Parvalux
- Industry: Manufacturing
- Products: fractional horsepower; geared; electric motors;

= Parvalux =

British motor company

Company Logo 2007

Parvalux Electric Motors Ltd is a British manufacturer of fractional horsepower geared electric motors. Based in Poole in Southern England. In December 2018, Parvalux was acquired by maxon motor AG.

==History==
The name ‘Parvalux’ derives from the Latin 'parvulus' and 'lux' and means 'young light', alluding to the hopes that founder Leslie J. Clark had for the Romford-based business where he first began selling motor rewinds in 1947. After relocating to Bournemouth in 1957, the company moved from simply re-winding motors to designing and manufacturing complete gear-motor units for industrial applications.

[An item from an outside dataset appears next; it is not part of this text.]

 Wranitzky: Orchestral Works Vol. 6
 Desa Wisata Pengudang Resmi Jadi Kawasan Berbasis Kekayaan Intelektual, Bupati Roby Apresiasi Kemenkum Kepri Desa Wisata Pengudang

Parvalux prospered for forty years through continued expansion of its product offer to cover a broad range of AC/DC electric motors and gearboxes, enabling the business to sell into a diverse range of markets and applications ― all over the world. In 2003, Steven Clark took over as Chief Executive.

In 2008 Parvalux acquired rival firm and DC motor application specialist EMD Drives Systems of Halstead, thereby creating the UK’s largest privately owned manufacturer of sub 1 kW electric motors and gearboxes. Until that time EMD had shared a similar history to Parvalux, initially winning recognition in the 1960s as volume AC motor supplier to household names such as Qualcast and Hotpoint, but then moved exclusively into DC products by the 1980s where they would compete directly with Parvalux for some 30 years. EMD was relocated in its entirety to the Bournemouth headquarters during 2009, with key members of the EMD staff relocating to join the newly merged business. The merger allowed Parvalux to offer products in much higher quantities than previously possible and cemented this position with a new 'product development and design' function (PDD).

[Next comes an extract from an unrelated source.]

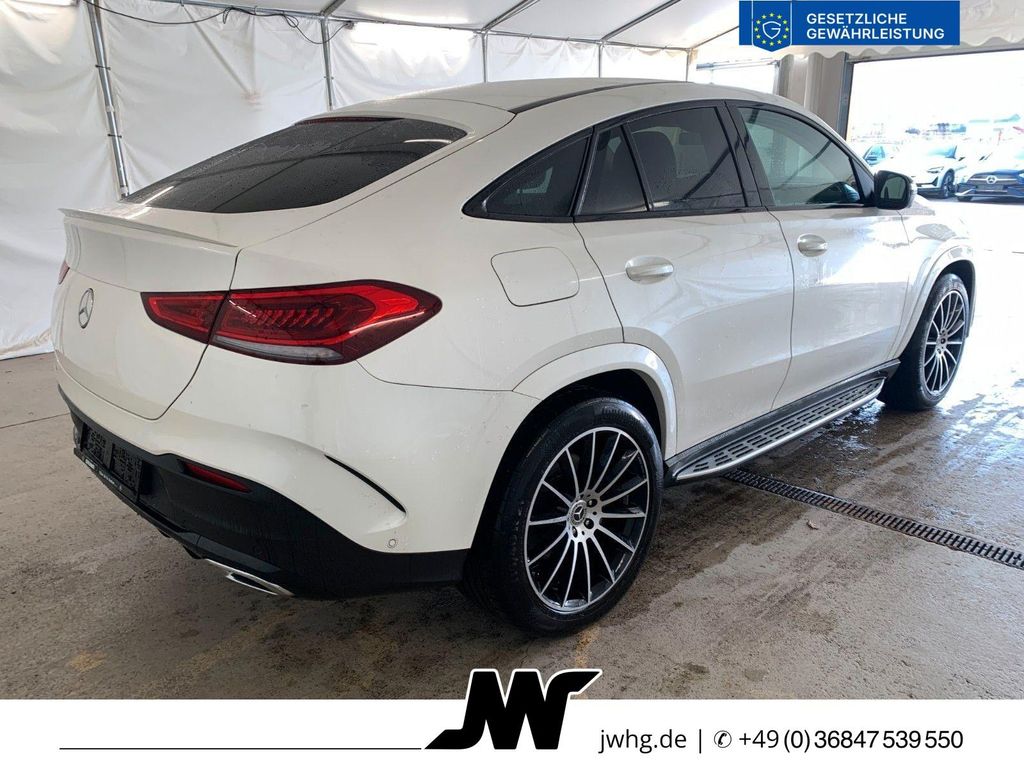 Mercedes-Benz GLE 350 2021 г. Белый, пробег 48000 км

The company has 185 employees in three production sites in Bournemouth, Dorset. Parvalux generates revenues of 23 million British pounds annually, with just over 40% being exported around the world.

==Applications==
One notable application of a Parvalux product was documented as under test at the university of California in 1966 for inclusion on the cancelled Voyager program (Mars) mission.

The Brayebrook Observatory in Cambridgeshire uses two Parvalux AC induction gear-motor units to operate dome and shutter functions.

In 2006 Team Joker used a Parvalux unit as a servo motor on their combat robot 'Joker'.

Classic Flight cite Parvalux's PM60LWS as a component in a build-your-own motion base for flight simulation.

==Current Products==
- Motors
  - Brushless DC electric motors
  - AC Induction motors
  - Variable speed AC/DC series wound or DC shunt wound motors (see Torque and speed of a DC motor)
  - Brushed DC electric motors (Permanent Magnet)
- Gearboxes
  - Worm drive
  - Epicyclic gearing - (planetary gearheads with integrated Permanent Magnet motors) New stand-alone 'HP' range released Autumn 2008
  - inline/right-angle gears
  - helical/spur gears
  - double reduction gears

Parvalux also now offers a fully bespoke OEM product design service for quantities over 5,000 units.